The House Transportation and Infrastructure Committee has approved a four–year aviation bill that includes an increase in federal airport construction grants and a hike for passenger fees that finance infrastructure work.
But a provision to reopen the labor contract for federal air traffic controllers drew a warning of a presidential veto.
The bill, which the panel cleared June 28 on a voice vote, would authorize $15.8 billion over four years for the Federal Aviation Administration's Airport Improvement Program, which provides grants to help build runways, taxiways and other infrastructure. The bill's AIP allocations would begin at $3.8 billion in fiscal 2008, then rise by $100 million a year, reaching $4.1 billion in 2011. Funds would be subject to annual appropriations. AIP's appropriation for 2007 is $3.5 billion.
Oberstar says 'robust' spending needed for airport infrastructure |
The House committee's measure also would raise the cap on passenger facility charges (PFCs) that airports levy, from the current $4.50 per flight segment, to $7. At the current PFC level, FAA estimates the fees collected will total $2.68 billion, with the proceeds going for a variety of airport projects. Committee Chairman James Oberstar (D–Minn.) says, "Robust investment in airport infrastructure is necessary to enhance capacity and combat delays."

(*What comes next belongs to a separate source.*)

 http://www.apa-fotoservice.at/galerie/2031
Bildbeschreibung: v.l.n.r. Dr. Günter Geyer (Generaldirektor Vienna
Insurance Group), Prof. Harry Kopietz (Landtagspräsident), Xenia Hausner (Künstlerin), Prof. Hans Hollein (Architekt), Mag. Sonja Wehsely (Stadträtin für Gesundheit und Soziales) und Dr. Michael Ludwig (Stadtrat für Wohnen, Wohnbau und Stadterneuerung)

The transportation panel doesn't have jurisdiction over taxes, but Oberstar said he would recommend to the Ways and Means Committee that the tax rate for jet fuel used by corporate jets and other general aviation craft be boosted from 21.8 cents per gallon now to 30.7 cents per gal., a 41% hike. Oberstar also is recommending that aviation gasoline taxes be raised from 19.3 cents per gal. to 24.1 cents, a 25% increase.
Fuel taxes are one of the revenue sources for the Airport and Airway Trust Fund, which finances FAA's AIP grants and much of the rest of the agency's budget.

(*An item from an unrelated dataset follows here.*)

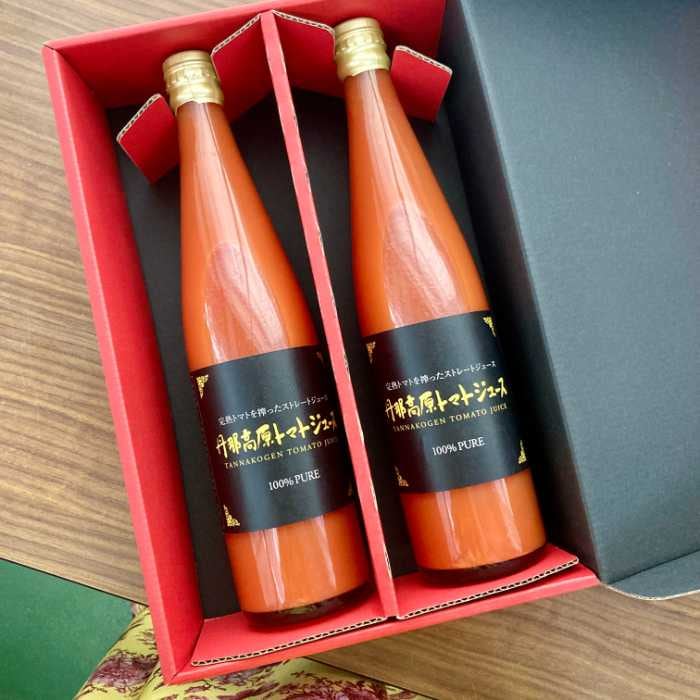 丹那高原トマトジュースの720ml瓶化粧箱入り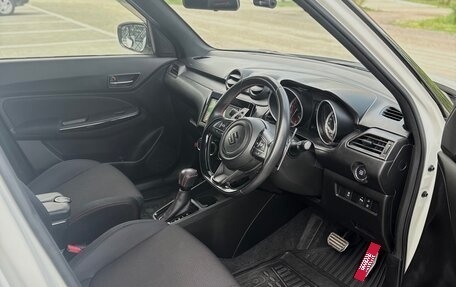 Suzuki Swift V, 2021 год, 1 100 000 рублей, 14 фотография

Mica calls air traffic controller amendment a 'show stopper' |
But there's a cloud over the House committee's bill. By a 53–16 vote, the panel added an amendment would reopen a 1998 contract between the FAA and the National Air Traffic Controllers Association. That amendment "is a show stopper," said Rep. John Mica (Fla.), the panel's ranking Republican, who voted against it.
Soon after the panel approved the bill, an official in the hearing room, presumably from DOT, handed out to reporters copies of a prepared statement from DOT Secretary Mary E. Peters, which said that "the President's senior advisors would recommend that he veto any reauthorization proposal that includes language to alter the existing controller contract or re-open contract negotiations."
The FAA declared an impasse in contract talks with the controllers' union in April 2006 and in September put in place a contract that Peters contends "saves taxpayers more than $1.9 billion" over five years, but NATCA asserts has worsened "a critical staffing shortage," and hurt morale.